The flow on from that global scale in an increasingly integrated world gave them greater buying muscle, tiny as they were locally, than Woolies, across a significant part of their product range.
And then there was Amazon — both the Amazon and an (generic) Amazon lurking in every corner of every retailer’s future.
The core dynamics of Woolies’ strategy might remain the same. To continue to pursue top-line growth, with the usual metrics like footprint, density, and financial returns. To also continually aim at cost reduction through greater productivity.
But what Woolworths call the “multi-option offer” is both an imperative and an opportunity, to grow sales into new virtual reality space.
Some 2.3 million of a wide range of group apps had been downloaded.
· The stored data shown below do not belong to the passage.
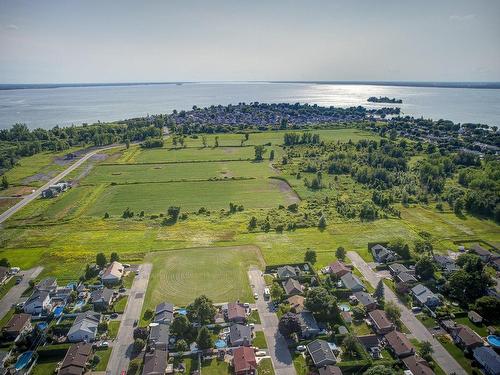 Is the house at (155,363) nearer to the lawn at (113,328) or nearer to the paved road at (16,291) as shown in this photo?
the lawn at (113,328)

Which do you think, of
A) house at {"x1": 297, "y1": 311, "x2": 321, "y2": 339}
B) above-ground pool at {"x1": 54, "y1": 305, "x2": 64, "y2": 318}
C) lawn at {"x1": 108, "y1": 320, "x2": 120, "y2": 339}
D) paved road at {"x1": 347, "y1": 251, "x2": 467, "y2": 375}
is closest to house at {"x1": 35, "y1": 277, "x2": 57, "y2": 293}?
above-ground pool at {"x1": 54, "y1": 305, "x2": 64, "y2": 318}

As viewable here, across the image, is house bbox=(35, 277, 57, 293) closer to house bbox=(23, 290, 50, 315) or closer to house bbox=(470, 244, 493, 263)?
house bbox=(23, 290, 50, 315)

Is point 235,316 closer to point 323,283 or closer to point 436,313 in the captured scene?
point 323,283

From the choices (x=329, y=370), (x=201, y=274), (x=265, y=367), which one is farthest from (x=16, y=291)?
(x=329, y=370)

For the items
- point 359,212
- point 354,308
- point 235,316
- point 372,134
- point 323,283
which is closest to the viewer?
point 235,316

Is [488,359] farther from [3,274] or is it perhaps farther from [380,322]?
[3,274]

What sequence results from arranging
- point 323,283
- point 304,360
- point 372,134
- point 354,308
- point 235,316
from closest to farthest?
point 304,360 < point 235,316 < point 354,308 < point 323,283 < point 372,134

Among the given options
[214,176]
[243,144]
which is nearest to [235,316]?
[214,176] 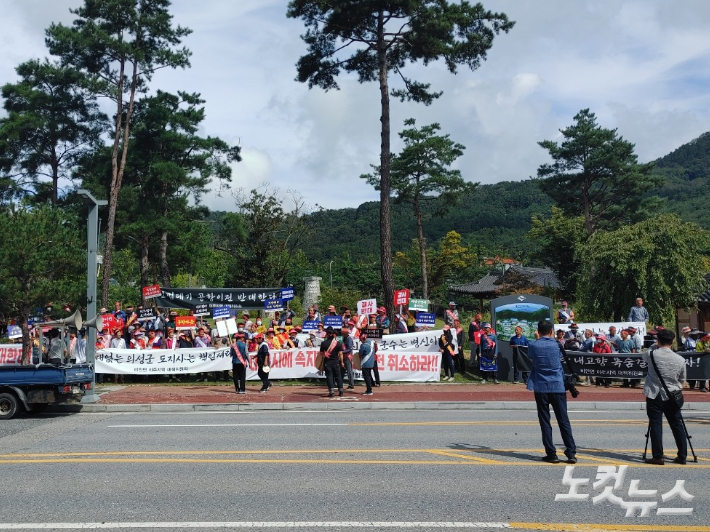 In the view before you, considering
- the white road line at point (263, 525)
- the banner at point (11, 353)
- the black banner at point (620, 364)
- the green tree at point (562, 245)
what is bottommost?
the white road line at point (263, 525)

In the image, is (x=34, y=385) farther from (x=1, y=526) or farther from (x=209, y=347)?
(x=1, y=526)

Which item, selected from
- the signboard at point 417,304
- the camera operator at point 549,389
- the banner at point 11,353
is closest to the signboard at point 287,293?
the signboard at point 417,304

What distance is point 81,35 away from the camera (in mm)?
32344

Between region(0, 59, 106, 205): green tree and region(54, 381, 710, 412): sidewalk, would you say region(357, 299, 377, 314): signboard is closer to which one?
region(54, 381, 710, 412): sidewalk

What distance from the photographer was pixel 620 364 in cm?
1955

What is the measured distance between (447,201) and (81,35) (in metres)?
29.0

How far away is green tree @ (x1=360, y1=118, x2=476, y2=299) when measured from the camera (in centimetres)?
5322

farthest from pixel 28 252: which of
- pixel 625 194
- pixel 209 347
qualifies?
pixel 625 194

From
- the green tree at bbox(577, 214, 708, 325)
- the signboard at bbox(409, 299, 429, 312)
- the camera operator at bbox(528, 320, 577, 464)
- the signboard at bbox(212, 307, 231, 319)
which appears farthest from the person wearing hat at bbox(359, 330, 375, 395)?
the green tree at bbox(577, 214, 708, 325)

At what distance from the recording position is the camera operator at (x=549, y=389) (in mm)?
9305

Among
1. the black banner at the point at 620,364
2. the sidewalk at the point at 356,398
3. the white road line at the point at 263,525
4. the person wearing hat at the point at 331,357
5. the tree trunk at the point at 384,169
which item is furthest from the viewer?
the tree trunk at the point at 384,169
Total online sales, excluding Cellarmasters, were up 48 per cent; including Cellarmasters by 95 per cent.
Its new Masters challenge to the Wesfarmers-Coles market leader Bunnings is fascinating. In some ways it’s like the ‘old Woolies’; in some ways it’s a bridge between old and new; in some ways it captures the future.
Masters offers the first, best and probably last opportunity to record the continual rapid growth of sales that was the hallmark of Woolies through the 1990s, when it was able to grow market share into untouched territory.
Masters sales were up 25 per cent in 2012-13 compared with group sales growth of 3.9 per cent. And given the limited penetration even of Bunnings into the hardware and home improvement space, it could keep growing at that pace for years.
Obviously with sales that were still less than $1 billion inside the group’s $55 billion, Masters is too small to make any noticeable difference to the group’s growth. It lifted the group sales growth figure from 3.6 to 3.9 per cent.
Nevertheless, this year it will post sales about equal to those of the now-discontinued and about-to-be sold Dick Smith consumer electronics chain.
Masters will have got there in two years, while it took Dick Smith two decades; and now has a growth horizon that consumer electronics does not.
It’s also interesting, as O’Brien points out, that Masters has been engineered as a multi-channel business from birth. So the positioning of the store network will reflect that.
The future might be interesting and challenging, the present is tough and getting tougher.
Deflation — falling prices — remained the overriding characteristic in the Woolies numbers.
It got to that modest 3.8 per cent dollar sales growth in food and liquor by actually selling around 8 per cent more actual goods.
Prices fell by 3.7 per cent in the first half, and then by 4.4 per cent in the second half. There were two big factors and one big driver.
The two factors were falling food and veg prices, from the very high storm and flood prices of early-through-mid calendar 2011, and the high value of the Aussie dollar on imported packaged goods (and non-food).
The number of actual bananas sold leapt a staggering 356 per cent, with the plunge in prices. The revenue dollars from selling all those extra bananas, though, were virtually unchanged from the previous year.
This captures, if in exaggerated fashion, the productivity challenge for Woolies (and Coles) of falling prices. It has to pay the costs of shipping and selling more goods out of the same revenue income.
The market and some commentators seemed to like what they saw in the food and liquor numbers. I didn’t see even the beginning of a turnaround. The numbers looked good only in comparison with the third quarter.
That brings us to the one big driver, and the critical test of how those numbers really look.
The driver is the prime competitor. What drove prices down, across the shelves, away from disaster-impacted food, was the fierce competition — now initiated as much by Woolies as Coles.
The critical test will be the Coles numbers on Thursday.